All RHEL and related / clone / derived distros provide a bundle file at /etc/pki/tls/certs/ca-bundle.crt , and the same file at /etc/pki/tls/cert.pem (on older distros cert.pem is a symlink to ca-bundle.crt; on newer distros both are symlinks to a file output by update-ca-trust).

In RHEL 6 and newer, the bundle is part of the 'ca-certificates' package. In RHEL 5 and earlier it is part of the 'openssl' package.

In RHEL 6 with the update and any newer RHEL, the 'shared system certificates' system is available (you must run update-ca-trust enable to enable it) and the best method is that given by lzap. A benefit of this system is that it works for NSS and GnuTLS-based applications as well as OpenSSL-based ones. Note that you can also distrust a certificate by placing it in the directory /etc/pki/ca-trust/source/blacklist/.
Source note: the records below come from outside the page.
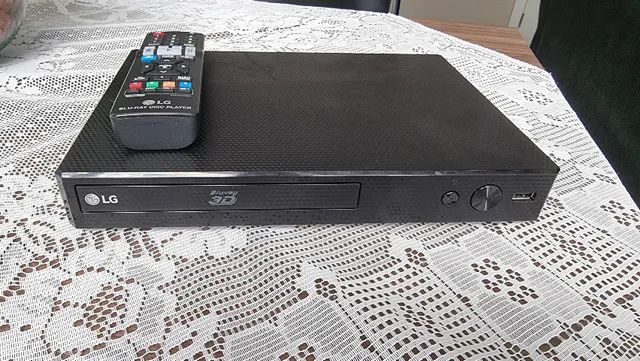 Blu-ray Player 3d LG Bp450 Full Hd, Usb, Hdmi (com função Chromecast)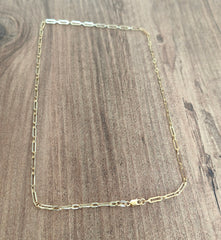 قلادة سلسلة مشبك ورق • قلادة سلسلة ذهبية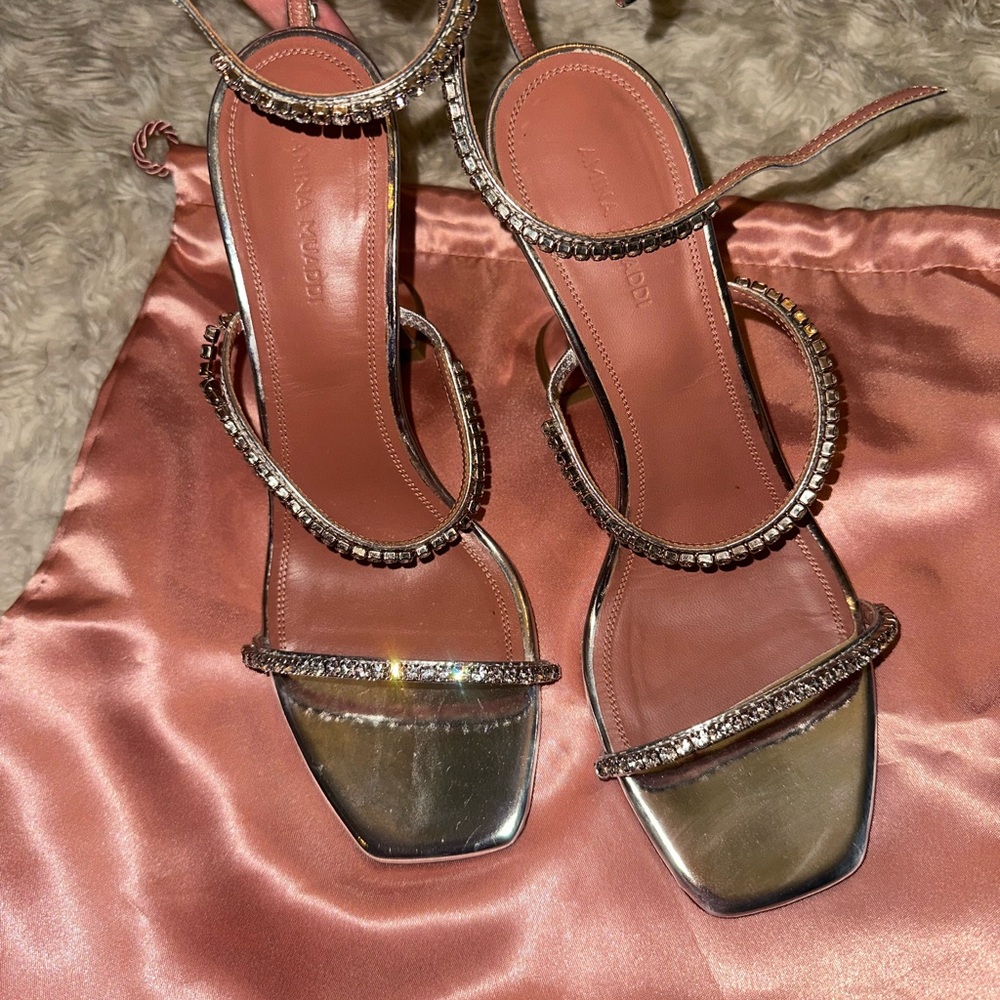 Amina Muaddi GILDA GLASS SANDAL - Picture 5 of 11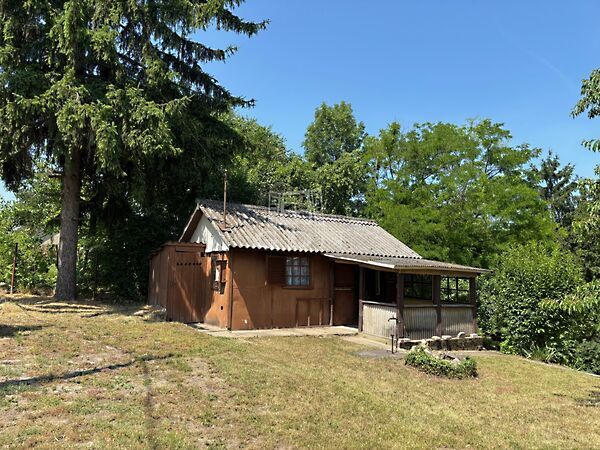 Eladó nyaraló Komárom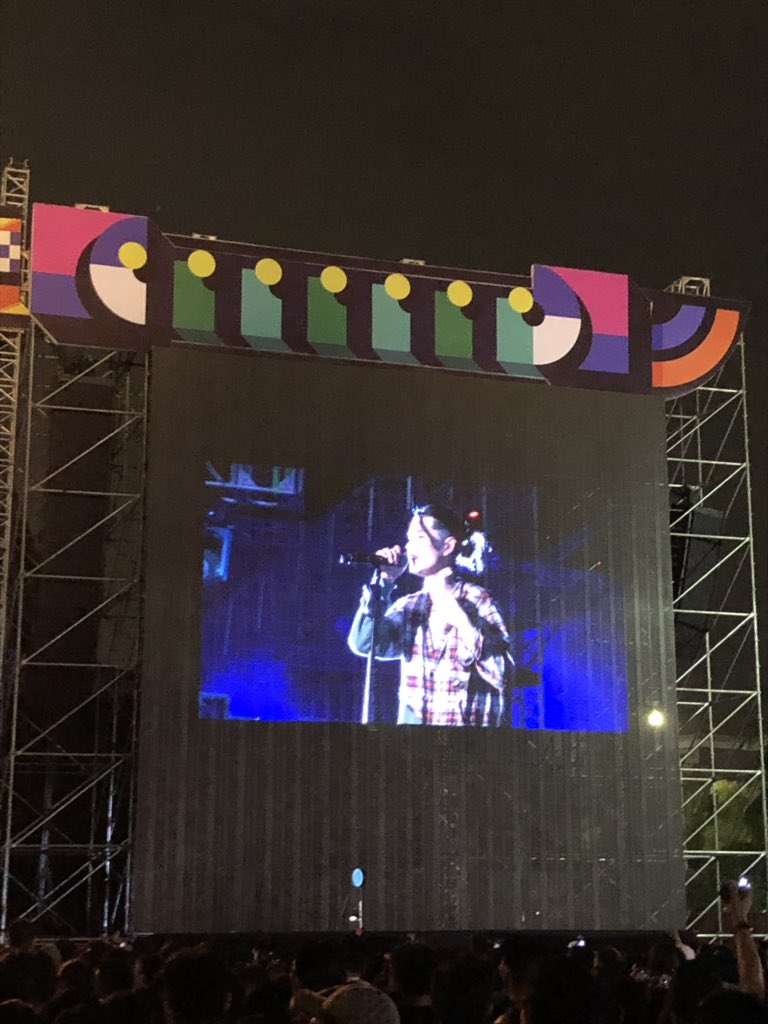 punyadee's tweet photo. Tapi sebenernya males liat gaya sama rambutnya #Dean. Kayak gak mandi. Dan kayak ya dia bete karena soundnya. Jarang senyum abisnya π
#HACKTHEFEST #WTF19 https://t.co/mfqW9zEJM1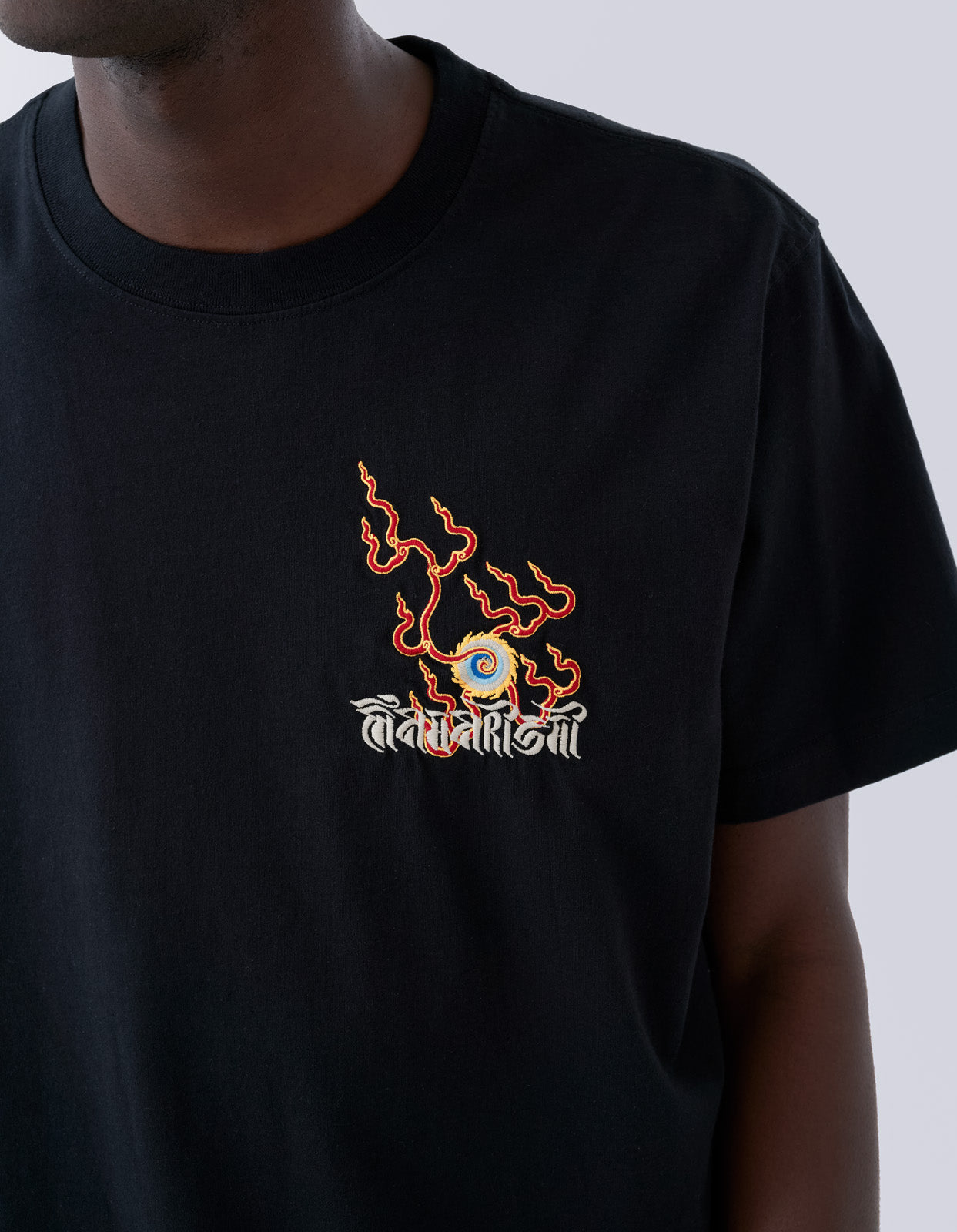 1254 Flaming Pearl T-Shirt Black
In RHEL 5 and older (and RHEL 6 if you do not wish to use the new system) you can trust extra CAs by placing their PEM formatted certificate files with the extension .pem in /etc/pki/tls/certs and running c_rehash (may also need yum install /usr/bin/c_rehash). This will only work for software that uses OpenSSL's default trust stores. This is better than editing or replacing the bundle file because it allows you to continue receiving official updates to the bundle file.

Software that uses one of the bundle file locations directly (rather than asking OpenSSL to use the system default trust stores) will not respect the change; if you have such software you are stuck editing the bundle file (or improving the software). Software that doesn't use OpenSSL at all will not respect the added certificate.